People come and go to the end of promontory.  Kids scramble up and down the rock rip rap as their parents caution them to stay well away from the water and mud.  The kids pick up rocks and chuck them into the water in a ritual that I suspect has gone on as long as this point has been peopled.  Most people take in the view but really don’t linger too long.  It is as if the vastness and solitude hurries them away.  A visitor will sometimes regale the observers with “you should have been here this morning or yesterday when I heard so-and-so saw lots of beluga just swimming around for about an hour.” While such reports are invariably second- or third-hand, with the number and duration increasing with each telling, they are frequent enough that I sometimes wonder if the belugas’ echolocation senses my car’s approach to the parking lot as a sign that “the observers are coming, time to clear out quick.”

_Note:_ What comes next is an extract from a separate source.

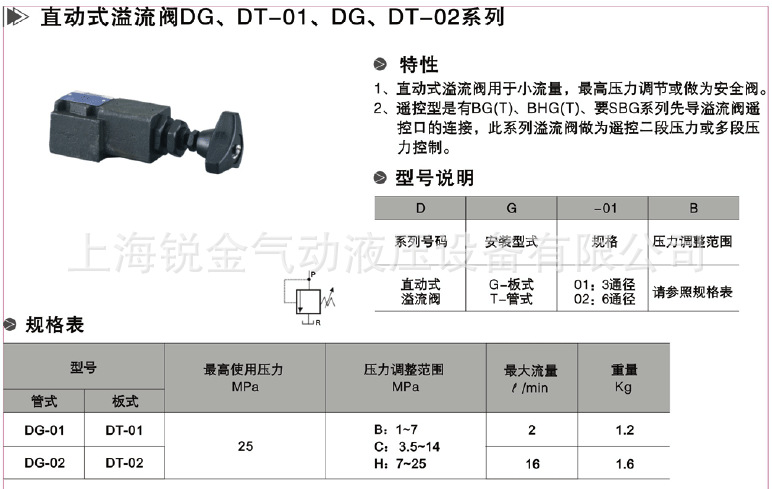供应dg-02直动式溢流阀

The conversation I am never quite prepared to have is when a long-time resident stops by and asks “what happened to all the beluga?  I’ve been here thirty (or more) years and we used to see them all the time, now we hardly see them at all, if ever.”  I can respond with information about the decline and the current population estimates that place their numbers in the mid-300s.  I can speak about how our monitoring effort is part of overall recovery strategy.  I can educate the folks in a conversation about beluga conservation efforts.  What I can’t do is assuage their feeling that something magical about the not-too-distant past is now missing.  You can sense their nostalgic yearning to see the plentiful pods of beluga and the sadness that what once was common is now rare.  They long to show beluga to their grandchildren.  I can only hope that the data I collect as a citizen scientist beluga monitor collect will help in the beluga recovery.   That prospect keeps me coming back for another shift.  Hopefully, the belugas, known as “the canaries of the sea” for the sounds they make are not now “the canaries in the coalmine.”